▶ REQUIREMENT:
Using the listing below, give again exactly the lines from the line with "Sacola Para Presentes" to the line with "Wikioo.org - The", inclusive, without the pictures.

▶ SUPPLIED ENTRIES:
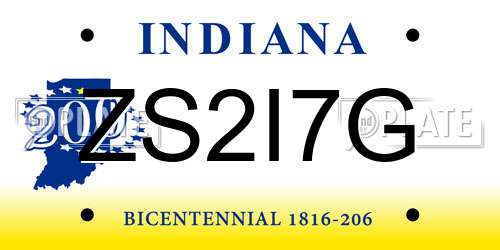 ZS2I7G Indiana License Plate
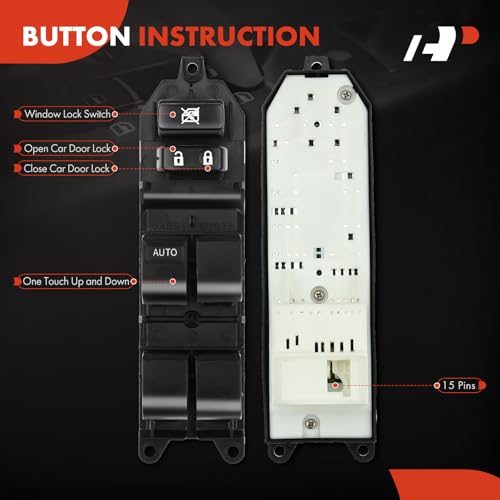 A-Premium Master Power Window Switch Compatible with Toyota Camry 2007-2009, Tacoma 2012-2015, Yaris 2007-2015, Front Left Driver Side, Replace# 8482006070, 8482006071 - Image 4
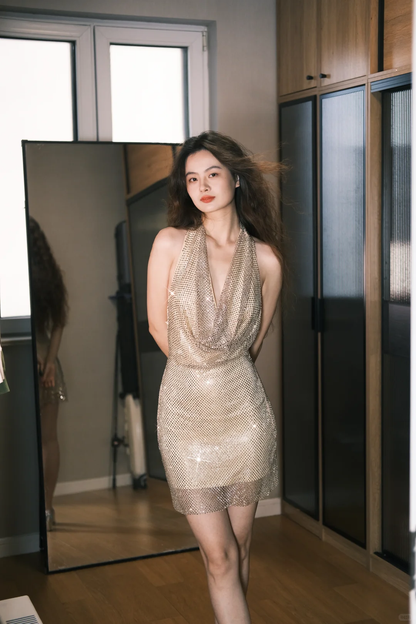 Gorgeous Halter Sequin Sheath Short Homecoming Dress Birthday Dress D5081
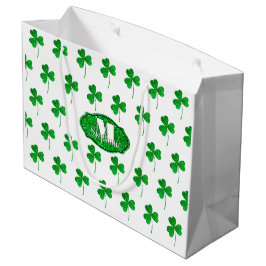 Sacola Para Presentes Grande Trevos Brilhantes Verdes Monogramados St Patrick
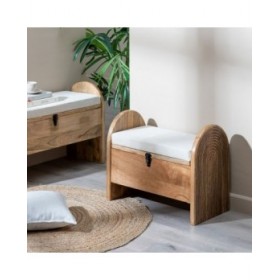 Baule 100 x 35 x 56 cm Tessuto Sintetico Legno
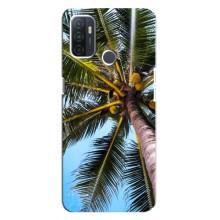 Силиконовый чехол с КАРТИНКАМИ лето для Oppo A32 (AlphaPrint) (Пальма)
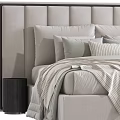 Modern Double Bed Interior Design With Upholstered Headboard Soft Pillows And Throw Blanket 3d model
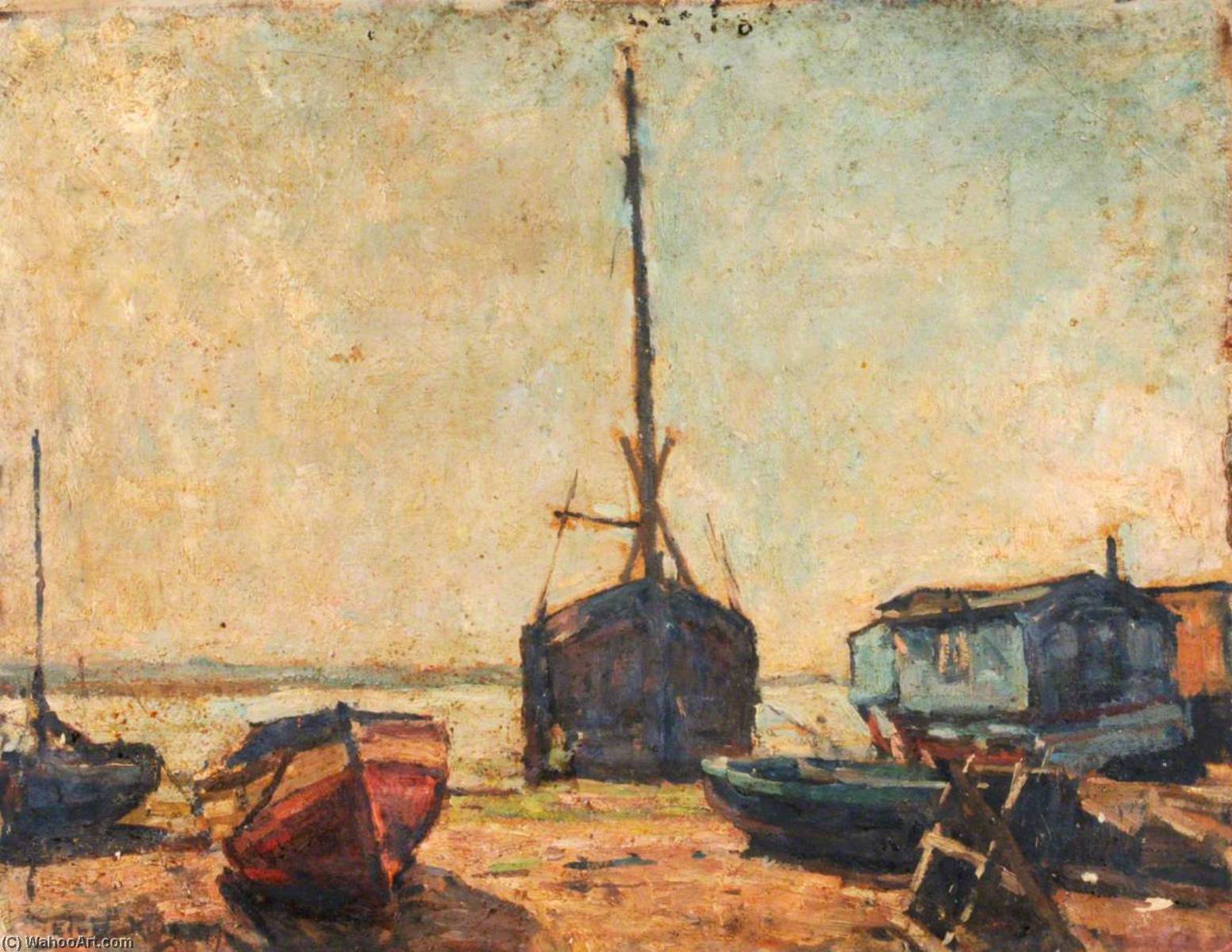 Wikioo.org - The Encyclopedia of Fine Arts - Painting, Artwork by Edward Robert King - Houseboats at Milton with a Dinghy and Sawhorse in the Foreground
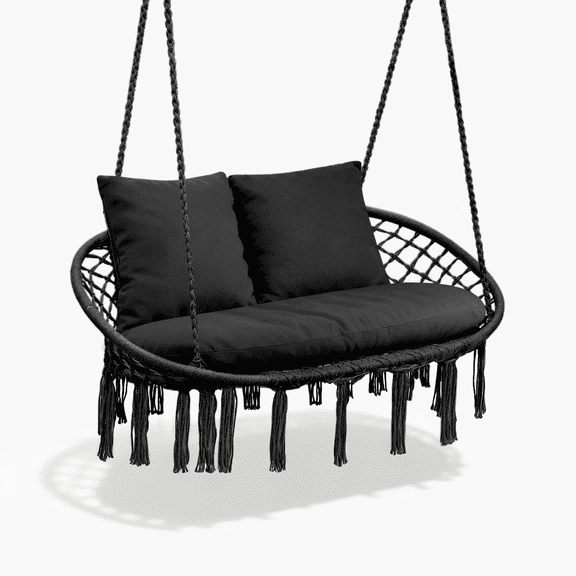 OSM 2-Seat Macrame Hammock Chair with Plush Cushion, Indoor Outdoor Hanging Boho Swing for Patio Porch Living Room, High Weight Capacity, Black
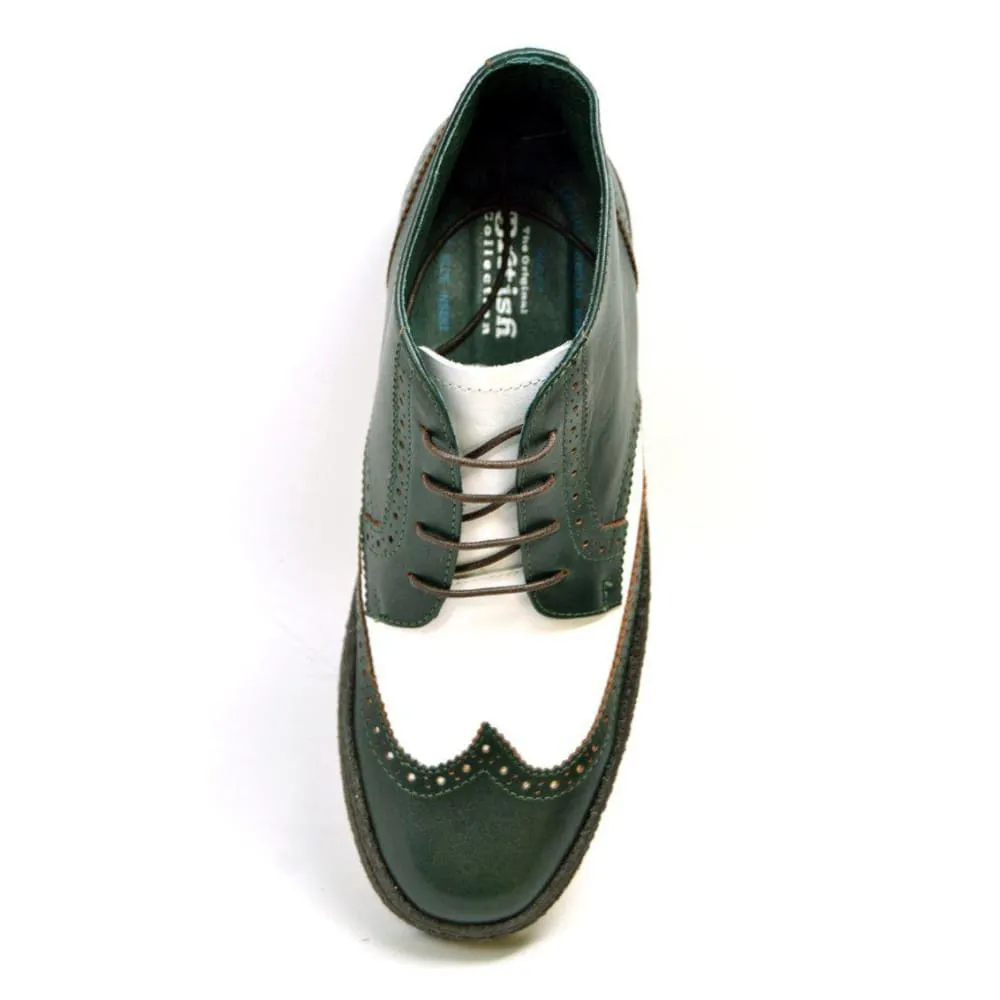 British Walkers Men's Wingtip Green & White Leather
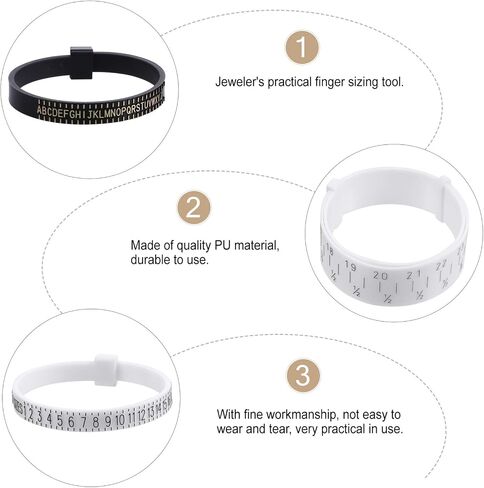 Veemoon 3pcs Ring Measuring Tool Set Durable Finger Sizer Accurate Ring Gauge for Easy Jewelry Measurement for Weddings Birthdays and Gifts in Saudi Arabia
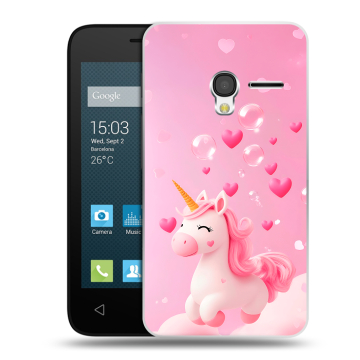 Пластиковый чехол на Alcatel One Touch Pixi 3 (4.0) с принтом Единорог Пластиковый чехол на Alcatel One Touch Pixi 3 (4.0) с принтом Единорог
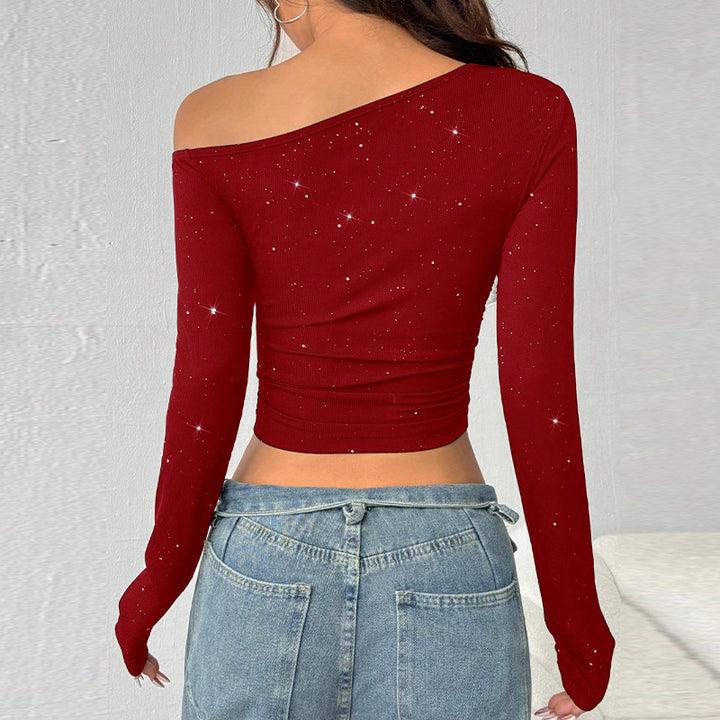 Damen asymmetrisches Langarmoberteil mit schimmernden Details Drune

▶ SOLUTION TO THIS TASK:
 Sacola Para Presentes Grande Trevos Brilhantes Verdes Monogramados St Patrick
 Baule 100 x 35 x 56 cm Tessuto Sintetico Legno
 Силиконовый чехол с КАРТИНКАМИ лето для Oppo A32 (AlphaPrint) (Пальма)
 Modern Double Bed Interior Design With Upholstered Headboard Soft Pillows And Throw Blanket 3d model
 Wikioo.org - The Encyclopedia of Fine Arts - Painting, Artwork by Edward Robert King - Houseboats at Milton with a Dinghy and Sawhorse in the Foreground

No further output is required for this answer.